El lugar era como una especie de santuario. Un diminuto templo destinado a recordar sus mejores años. Un sitio creado para hablar con su gran amor estuviera donde estuviese, porque él sabía que la hermosa Elisabeth le escuchaba aunque se encontrara muerta.

Una enorme foto de ella reinaba con autoridad la pared. Allí estaba sola, mirando inocente con aquellos enormes ojos que emanaban pureza y ternura al mismo tiempo, dotados de un azul tan intenso, que parecían el mismísimo cielo donde debía de estar descansando durante toda la eternidad. Sonreía a la cámara de manera sutil, dando a entender que se sentía tan feliz, que lo único que deseaba era parar el reloj para que aquel instante no finalizara jamás. Su pelo rizado y negro como el carbón le cubría unos hombros que se encontraban desnudos gracias a un veraniego vestido de tirantes anaranjado con estampado floral. De los laterales del marco de dicha foto colgaban objetos de diferente naturaleza pertenecientes a ella; tales como pulseras, colgantes y recuerdos de múltiples e inolvidables escapadas románticas con Robert.

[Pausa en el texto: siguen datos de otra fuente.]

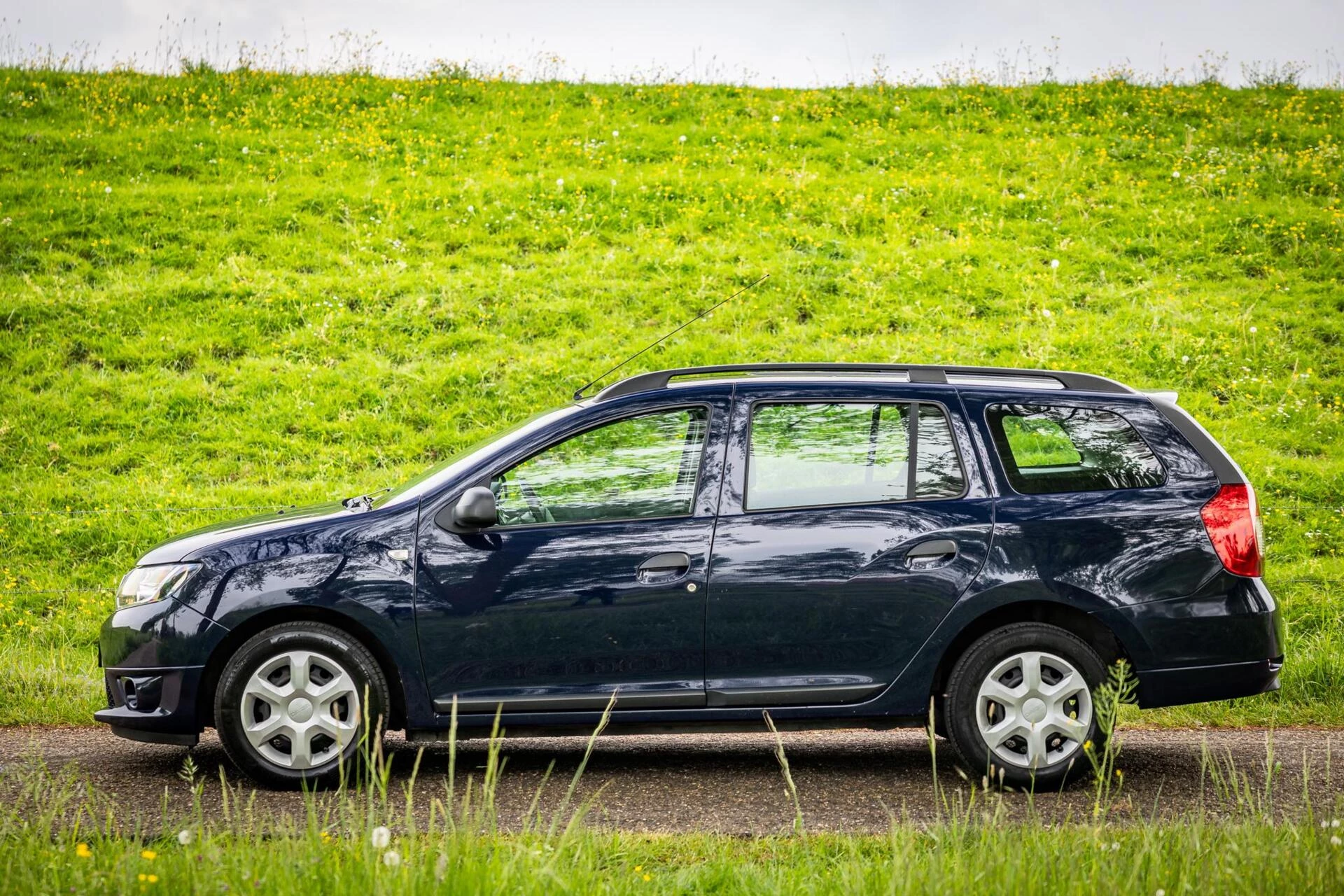 Hoofdafbeelding Dacia Logan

Tras contemplar durante un buen rato la foto de su irremplazable amada, salió del secreto habitáculo y cerró el fondo del armario de nuevo para ocultarlo. No obstante, antes de abandonar su dormitorio, se asomó por debajo de la cama y de allí sacó una larga caja rectangular.

Muy pocas veces había disparado con aquella escopeta Benelli de calibre doce; igual cuatro cinco a lo sumo cuando se la compró. Al payaso no le gustaban las armas pero todo el mundo tenía al menos una para poder protegerse en el hogar gracias a la segunda enmienda de la Constitución americana. Independientemente de la falta de uso, la escopeta se encontraba en inmejorables condiciones porque siempre la había cuidado de manera meticulosa.

La metió en una bolsa de deporte junto a una caja de balas y tras ponerse una sudadera negra con capucha, se encaminó al coche con el propósito de dirigirse al domicilio de Norman Miller; una dirección que conocía a la perfección porque el capitán de los Marines siempre había vivido en ella.